* **Work required**
Print out every line of the material exactly. Include no pictures.

Source data Start Marker

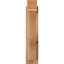 L 5 1/2 po x P 18 po x H 26 po Funston traditionnel lisse, cèdre rouge de l'Ouest-106951943-31648877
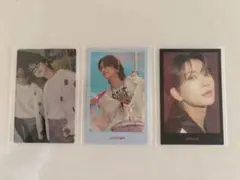 SEVENTEEN ジョシュア トレカ3枚セット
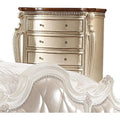 Five Drawer Chest With Carved Detail And Cabriole Legs A716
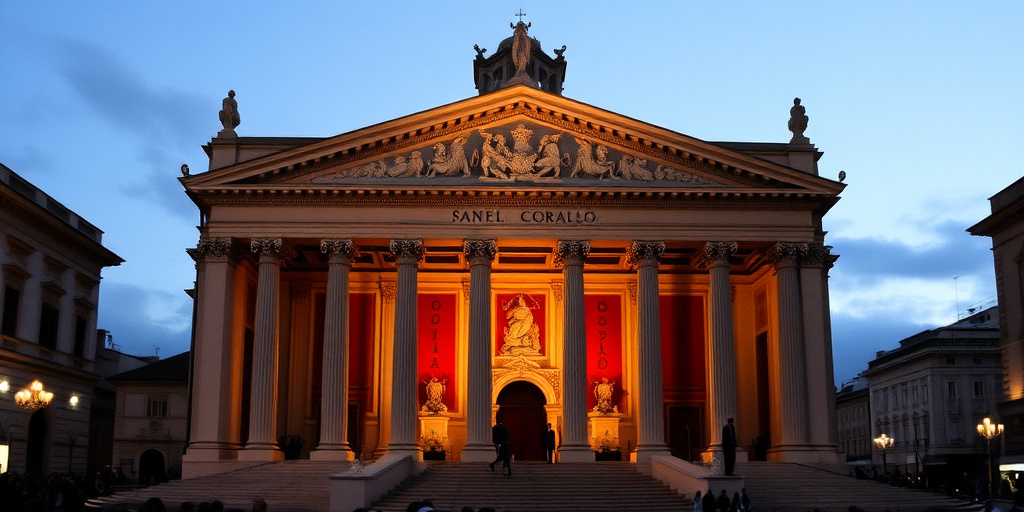 Teatro San Carlo: la partita a scacchi che ha fatto storia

Source data End Marker

* **Solution below**
 L 5 1/2 po x P 18 po x H 26 po Funston traditionnel lisse, cèdre rouge de l'Ouest-106951943-31648877
 SEVENTEEN ジョシュア トレカ3枚セット
 Five Drawer Chest With Carved Detail And Cabriole Legs A716
 Teatro San Carlo: la partita a scacchi che ha fatto storia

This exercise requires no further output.